Exercise directions: Could you set down all of the data again, exactly as it stands?

Dataset excerpts:
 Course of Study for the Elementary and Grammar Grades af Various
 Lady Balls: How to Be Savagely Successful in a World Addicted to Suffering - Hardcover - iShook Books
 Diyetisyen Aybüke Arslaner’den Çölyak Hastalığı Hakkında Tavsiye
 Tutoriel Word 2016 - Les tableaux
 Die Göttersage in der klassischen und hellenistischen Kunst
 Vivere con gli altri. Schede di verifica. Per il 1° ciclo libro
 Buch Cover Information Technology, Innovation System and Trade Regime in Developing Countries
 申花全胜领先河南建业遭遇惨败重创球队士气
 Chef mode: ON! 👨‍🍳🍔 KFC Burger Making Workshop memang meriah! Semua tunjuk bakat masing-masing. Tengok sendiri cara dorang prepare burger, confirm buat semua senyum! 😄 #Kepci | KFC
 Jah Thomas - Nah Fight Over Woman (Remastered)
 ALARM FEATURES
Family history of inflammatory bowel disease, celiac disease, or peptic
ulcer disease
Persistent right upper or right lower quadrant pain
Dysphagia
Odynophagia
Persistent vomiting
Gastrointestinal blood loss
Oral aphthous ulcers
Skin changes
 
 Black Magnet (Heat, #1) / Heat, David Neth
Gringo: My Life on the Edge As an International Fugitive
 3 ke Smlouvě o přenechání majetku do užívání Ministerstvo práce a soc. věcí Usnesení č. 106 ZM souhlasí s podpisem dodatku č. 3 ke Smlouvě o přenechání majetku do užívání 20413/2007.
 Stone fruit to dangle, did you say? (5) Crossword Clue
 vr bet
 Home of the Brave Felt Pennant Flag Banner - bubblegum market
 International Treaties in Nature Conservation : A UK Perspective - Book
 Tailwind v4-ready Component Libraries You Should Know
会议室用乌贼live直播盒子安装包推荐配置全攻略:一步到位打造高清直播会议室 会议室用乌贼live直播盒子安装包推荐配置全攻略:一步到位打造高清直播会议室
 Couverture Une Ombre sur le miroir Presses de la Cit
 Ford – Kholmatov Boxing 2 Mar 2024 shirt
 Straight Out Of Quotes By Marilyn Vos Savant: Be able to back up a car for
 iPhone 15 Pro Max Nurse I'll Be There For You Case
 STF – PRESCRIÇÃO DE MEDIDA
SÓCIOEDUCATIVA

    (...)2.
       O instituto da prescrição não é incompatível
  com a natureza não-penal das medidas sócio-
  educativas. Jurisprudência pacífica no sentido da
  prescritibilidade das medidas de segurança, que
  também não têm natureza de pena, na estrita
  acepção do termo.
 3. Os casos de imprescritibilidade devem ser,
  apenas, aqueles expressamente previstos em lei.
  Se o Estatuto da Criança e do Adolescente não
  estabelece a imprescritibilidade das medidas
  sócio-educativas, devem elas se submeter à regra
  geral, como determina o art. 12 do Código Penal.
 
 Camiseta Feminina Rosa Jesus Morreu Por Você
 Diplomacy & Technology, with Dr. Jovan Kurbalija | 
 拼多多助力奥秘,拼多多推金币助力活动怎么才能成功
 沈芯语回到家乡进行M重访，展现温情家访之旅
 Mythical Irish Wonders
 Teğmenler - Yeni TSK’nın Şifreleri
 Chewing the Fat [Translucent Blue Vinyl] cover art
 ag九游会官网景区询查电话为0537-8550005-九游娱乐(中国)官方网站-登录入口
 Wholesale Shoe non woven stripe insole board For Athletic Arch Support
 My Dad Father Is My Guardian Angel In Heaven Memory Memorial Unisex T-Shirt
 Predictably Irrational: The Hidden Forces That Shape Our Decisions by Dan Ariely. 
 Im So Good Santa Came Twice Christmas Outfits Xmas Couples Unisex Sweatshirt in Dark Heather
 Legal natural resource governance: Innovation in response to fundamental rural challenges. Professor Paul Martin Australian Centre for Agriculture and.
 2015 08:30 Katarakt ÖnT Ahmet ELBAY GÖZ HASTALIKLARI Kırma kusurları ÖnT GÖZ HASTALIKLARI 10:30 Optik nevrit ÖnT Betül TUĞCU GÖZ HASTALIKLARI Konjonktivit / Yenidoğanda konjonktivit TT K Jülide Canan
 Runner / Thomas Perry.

Solution to the exercise:
 Course of Study for the Elementary and Grammar Grades af Various
 Lady Balls: How to Be Savagely Successful in a World Addicted to Suffering - Hardcover - iShook Books
 Diyetisyen Aybüke Arslaner’den Çölyak Hastalığı Hakkında Tavsiye
 Tutoriel Word 2016 - Les tableaux
 Die Göttersage in der klassischen und hellenistischen Kunst
 Vivere con gli altri. Schede di verifica. Per il 1° ciclo libro
 Buch Cover Information Technology, Innovation System and Trade Regime in Developing Countries
 申花全胜领先河南建业遭遇惨败重创球队士气
 Chef mode: ON! 👨‍🍳🍔 KFC Burger Making Workshop memang meriah! Semua tunjuk bakat masing-masing. Tengok sendiri cara dorang prepare burger, confirm buat semua senyum! 😄 #Kepci | KFC
 Jah Thomas - Nah Fight Over Woman (Remastered)
 ALARM FEATURES
Family history of inflammatory bowel disease, celiac disease, or peptic
ulcer disease
Persistent right upper or right lower quadrant pain
Dysphagia
Odynophagia
Persistent vomiting
Gastrointestinal blood loss
Oral aphthous ulcers
Skin changes
 
 Black Magnet (Heat, #1) / Heat, David Neth
Gringo: My Life on the Edge As an International Fugitive
 3 ke Smlouvě o přenechání majetku do užívání Ministerstvo práce a soc. věcí Usnesení č. 106 ZM souhlasí s podpisem dodatku č. 3 ke Smlouvě o přenechání majetku do užívání 20413/2007.
 Stone fruit to dangle, did you say? (5) Crossword Clue
 vr bet
 Home of the Brave Felt Pennant Flag Banner - bubblegum market
 International Treaties in Nature Conservation : A UK Perspective - Book
 Tailwind v4-ready Component Libraries You Should Know
会议室用乌贼live直播盒子安装包推荐配置全攻略:一步到位打造高清直播会议室 会议室用乌贼live直播盒子安装包推荐配置全攻略:一步到位打造高清直播会议室
 Couverture Une Ombre sur le miroir Presses de la Cit
 Ford – Kholmatov Boxing 2 Mar 2024 shirt
 Straight Out Of Quotes By Marilyn Vos Savant: Be able to back up a car for
 iPhone 15 Pro Max Nurse I'll Be There For You Case
 STF – PRESCRIÇÃO DE MEDIDA
SÓCIOEDUCATIVA

    (...)2.
       O instituto da prescrição não é incompatível
  com a natureza não-penal das medidas sócio-
  educativas. Jurisprudência pacífica no sentido da
  prescritibilidade das medidas de segurança, que
  também não têm natureza de pena, na estrita
  acepção do termo.
 3. Os casos de imprescritibilidade devem ser,
  apenas, aqueles expressamente previstos em lei.
  Se o Estatuto da Criança e do Adolescente não
  estabelece a imprescritibilidade das medidas
  sócio-educativas, devem elas se submeter à regra
  geral, como determina o art. 12 do Código Penal.
 
 Camiseta Feminina Rosa Jesus Morreu Por Você
 Diplomacy & Technology, with Dr. Jovan Kurbalija | 
 拼多多助力奥秘,拼多多推金币助力活动怎么才能成功
 沈芯语回到家乡进行M重访，展现温情家访之旅
 Mythical Irish Wonders
 Teğmenler - Yeni TSK’nın Şifreleri
 Chewing the Fat [Translucent Blue Vinyl] cover art
 ag九游会官网景区询查电话为0537-8550005-九游娱乐(中国)官方网站-登录入口
 Wholesale Shoe non woven stripe insole board For Athletic Arch Support
 My Dad Father Is My Guardian Angel In Heaven Memory Memorial Unisex T-Shirt
 Predictably Irrational: The Hidden Forces That Shape Our Decisions by Dan Ariely. 
 Im So Good Santa Came Twice Christmas Outfits Xmas Couples Unisex Sweatshirt in Dark Heather
 Legal natural resource governance: Innovation in response to fundamental rural challenges. Professor Paul Martin Australian Centre for Agriculture and.
 2015 08:30 Katarakt ÖnT Ahmet ELBAY GÖZ HASTALIKLARI Kırma kusurları ÖnT GÖZ HASTALIKLARI 10:30 Optik nevrit ÖnT Betül TUĞCU GÖZ HASTALIKLARI Konjonktivit / Yenidoğanda konjonktivit TT K Jülide Canan
 Runner / Thomas Perry.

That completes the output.